Tuesday, March 03, 2009

The Dow, the Economy, and the Stimulus

As always, I recommend reading the National Review's Corner to get a sense for the current shape of right-wing's political id. The latest bee in their bonnet is how the continued collapse of equity prices shows that Obama's stimulus plan isn't working, and then they speculate how far the Dow is likely to fall.

First, it's just idiotic -- big fat idiotic, you might say -- to argue (or, actually, to assume) that there is a direct and immediate relationship between the state of economy and the level of the Dow Jones industrial average. In fact, during recessions, stocks typically start to recover many months before the real economy hits bottom. 

The simple truth is that the extent of the current crisis, or recession, or Depression (or whatever we eventually decide to label this downturn) is only slowly becoming apparent, and as its scale and scope becomes more apparent, it is weighing down stocks. The stimulus package was never designed to help with short-term equity prices; as I say, it's an idiotic metric of the success of the package. It's designed to help the real economy, and as long as the second derivative on the real economy remains negative, there's just no hope for an equity recovery.

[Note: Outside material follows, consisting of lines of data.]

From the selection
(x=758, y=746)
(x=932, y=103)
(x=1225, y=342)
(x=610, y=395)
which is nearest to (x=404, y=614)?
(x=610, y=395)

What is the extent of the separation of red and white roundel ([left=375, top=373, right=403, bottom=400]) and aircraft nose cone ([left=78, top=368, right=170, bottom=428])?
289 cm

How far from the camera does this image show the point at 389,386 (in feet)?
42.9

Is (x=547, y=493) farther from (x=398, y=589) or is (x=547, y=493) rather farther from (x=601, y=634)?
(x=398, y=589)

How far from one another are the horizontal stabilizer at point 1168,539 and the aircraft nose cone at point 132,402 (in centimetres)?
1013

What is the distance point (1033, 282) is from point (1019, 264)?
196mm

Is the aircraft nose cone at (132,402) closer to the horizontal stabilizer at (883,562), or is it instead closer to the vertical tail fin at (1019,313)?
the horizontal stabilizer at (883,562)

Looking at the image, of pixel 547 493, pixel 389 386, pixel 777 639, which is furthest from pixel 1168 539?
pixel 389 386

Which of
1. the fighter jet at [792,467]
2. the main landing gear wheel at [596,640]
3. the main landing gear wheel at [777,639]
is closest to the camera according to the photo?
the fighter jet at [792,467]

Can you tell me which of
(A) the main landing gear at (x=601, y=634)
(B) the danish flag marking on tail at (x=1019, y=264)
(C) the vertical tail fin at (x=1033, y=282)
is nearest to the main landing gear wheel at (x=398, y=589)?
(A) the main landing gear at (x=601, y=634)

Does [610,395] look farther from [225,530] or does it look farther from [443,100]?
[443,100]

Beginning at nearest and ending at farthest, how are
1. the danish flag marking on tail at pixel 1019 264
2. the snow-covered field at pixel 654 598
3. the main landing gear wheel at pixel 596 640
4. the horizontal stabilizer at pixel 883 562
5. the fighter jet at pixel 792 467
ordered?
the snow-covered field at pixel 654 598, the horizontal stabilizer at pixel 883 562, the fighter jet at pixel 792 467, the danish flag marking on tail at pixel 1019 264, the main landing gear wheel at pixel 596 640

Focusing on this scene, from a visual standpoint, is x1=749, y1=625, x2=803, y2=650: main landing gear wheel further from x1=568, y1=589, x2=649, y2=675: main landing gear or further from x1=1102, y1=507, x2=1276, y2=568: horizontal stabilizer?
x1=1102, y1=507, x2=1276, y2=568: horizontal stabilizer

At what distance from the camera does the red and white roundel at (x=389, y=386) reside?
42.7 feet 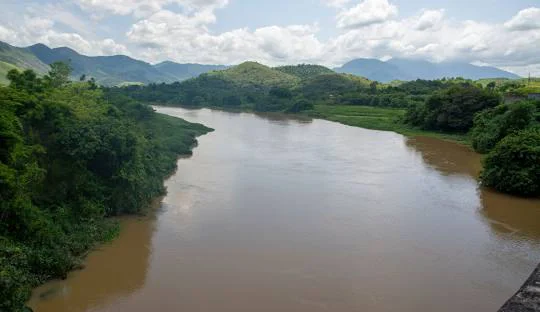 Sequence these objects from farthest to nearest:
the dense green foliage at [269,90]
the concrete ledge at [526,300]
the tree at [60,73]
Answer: the dense green foliage at [269,90]
the tree at [60,73]
the concrete ledge at [526,300]

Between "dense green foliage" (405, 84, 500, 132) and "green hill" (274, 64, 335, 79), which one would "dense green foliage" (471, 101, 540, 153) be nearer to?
"dense green foliage" (405, 84, 500, 132)

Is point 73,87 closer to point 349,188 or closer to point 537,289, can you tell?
point 349,188

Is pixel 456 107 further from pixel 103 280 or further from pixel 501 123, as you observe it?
pixel 103 280

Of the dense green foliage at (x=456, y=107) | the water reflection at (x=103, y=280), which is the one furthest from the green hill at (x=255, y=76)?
the water reflection at (x=103, y=280)

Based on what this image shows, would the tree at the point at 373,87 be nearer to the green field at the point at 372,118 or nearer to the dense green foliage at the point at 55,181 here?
the green field at the point at 372,118

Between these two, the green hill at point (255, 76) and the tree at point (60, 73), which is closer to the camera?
the tree at point (60, 73)

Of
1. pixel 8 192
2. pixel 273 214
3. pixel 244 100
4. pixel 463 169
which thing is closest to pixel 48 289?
pixel 8 192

Politically, the Democrats should contest the idea that the level of the stockmarket six weeks into Obama's term (or even six months in) is an indication of success. I think most people know that, but apparently there's a gathering consensus (or perhaps more accurately, a symptom) on the right that stock performance is the only relevant barometer of economic success. 

Actually, when you think about that a little bit it almost starts to become a parody of what's wrong with the way Republicans think about economics.

I'll address the question of where stocks are likely to fall to in a separate post.